Friendship, for most of human history, grew in unstructured time — the time between tasks, the long evenings, the open-ended afternoons, the slow Sundays that had no agenda. It did not require scheduling because it did not require time to be carved out from anything. Time was available in ambient quantities, and friendship grew into the available space the way plants grow toward light. The question of how to maintain friendship did not much arise because friendship was one of the primary things that time was used for.

This is no longer the condition of adult life in wealthy industrialized societies. Adult time in the contemporary United States is almost entirely structured — assigned to work, caregiving, commuting, household maintenance, sleep debt recovery, and the management of the administrative demands of modern life. The residue, if any, is colonized by screens. Unstructured time — time without a task, an agenda, or a productivity account to be paid — has become rare enough that its absence is no longer noticed as absence. It is simply the texture of adult life.

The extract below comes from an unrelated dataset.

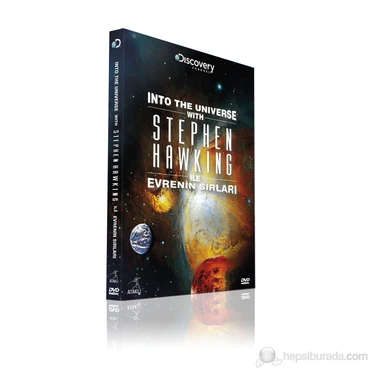 Into The Universe With Stephen Hawking (Stephen Hawking İle Evrenin Sırları)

The consequences for friendship are direct and severe. Friendship requires unstructured time not as a luxury but as a precondition. The specific social goods that friendship delivers — the unhurried conversation, the comfortable silence, the spontaneous disclosure, the unplanned extension of an encounter that turns it into something memorable — require time that is not structured, not accountable, not in competition with something else. You cannot schedule those goods. You can only make the unstructured space available and let them emerge.

When unstructured time is eliminated from adult life, friendship does not stop existing — but it becomes thinner, more managed, more performative. People see their friends at scheduled events with implicit time limits. They exchange messages that perform connection without creating it. They maintain the social form of friendship — the title, the occasional contact, the mutual warmth — while the substance atrophies. The friendship remains on the calendar; the unstructured time in which it would deepen is gone.